I am the single mother of a 9-year-old, through divorce, who never wanted to be a single parent or divorced. If you asked me as a teen or in my 20s, I’d tell you that I would NEVER have children.
As I wrote in my journal as a girl, I didn’t want to pass on/expose the negativity I felt in my life to another generation. I had different ideas of motherhood then, and couldn’t imagine what my friends who were teen moms were dealing with physically, emotionally, or mentally.
I don’t know where it comes from, but there’s a strong sentiment that something is wrong with a woman who doesn’t bear children by a certain age–or ever.
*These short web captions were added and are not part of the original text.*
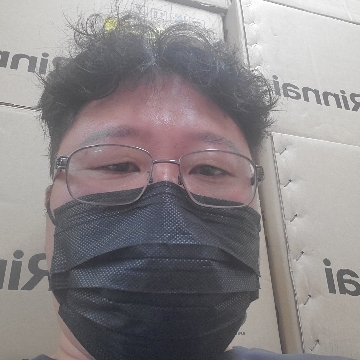 사용자 이미지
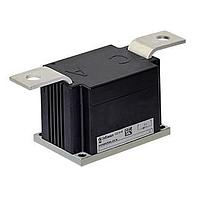 Infineon TZ860N16KOFTIMHPSA1 ເຮັດການແປງ THYR / ໂມດູນ DIODE DK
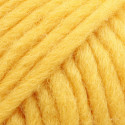 DROPS Snow Uni Colour 24 amarillo
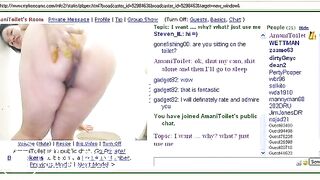 ScatKings.com Scat Porn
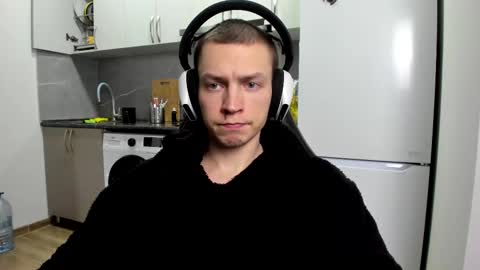 You can ask my name in pm online show from March 3, 4:47 pm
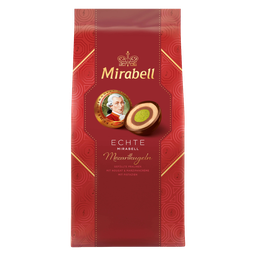 Mirabell Mozartkulor 228g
Well-meaning and nosy parents and grandparents, friends and even acquaintances regularly weigh in on when a couple should have their first or subsequent children.
I know a lot of people with my situational status who find love again and start a new family, even though their present children may be in high school or college, but I don’t want to start over. Honestly, the primary reason that I consented to pregnancy and parenting is because my then-husband desperately wanted to actively raise a child of his own. We mutually agreed that I stop taking my (very effective) birth control and I got pregnant the following year. My main reasoning then–in my early 20s–was, “A wife is supposed to have children [if her husband wants them].”
We’re supposed to?
Women have the right to remain childless, and it doesn’t necessarily mean they are selfish. We now have access to free women’s well care and, unless we vote otherwise, will continue to have control over our bodies. Not to mention that over 600,000 children in America are in foster care because their parents did not want them or could not take care of them. (100,000 of them are orphans.)
Eleanore Wells’ recent post on Huffington Post explores the common attitude that we have in our society that women are supposed to get married and have kids. My favorite point that she makes is, “Perhaps when this societal myth that marriage and kids are the only path to fulfillment as an adult goes away, all marriages will be truly love-based and all kids truly wanted.”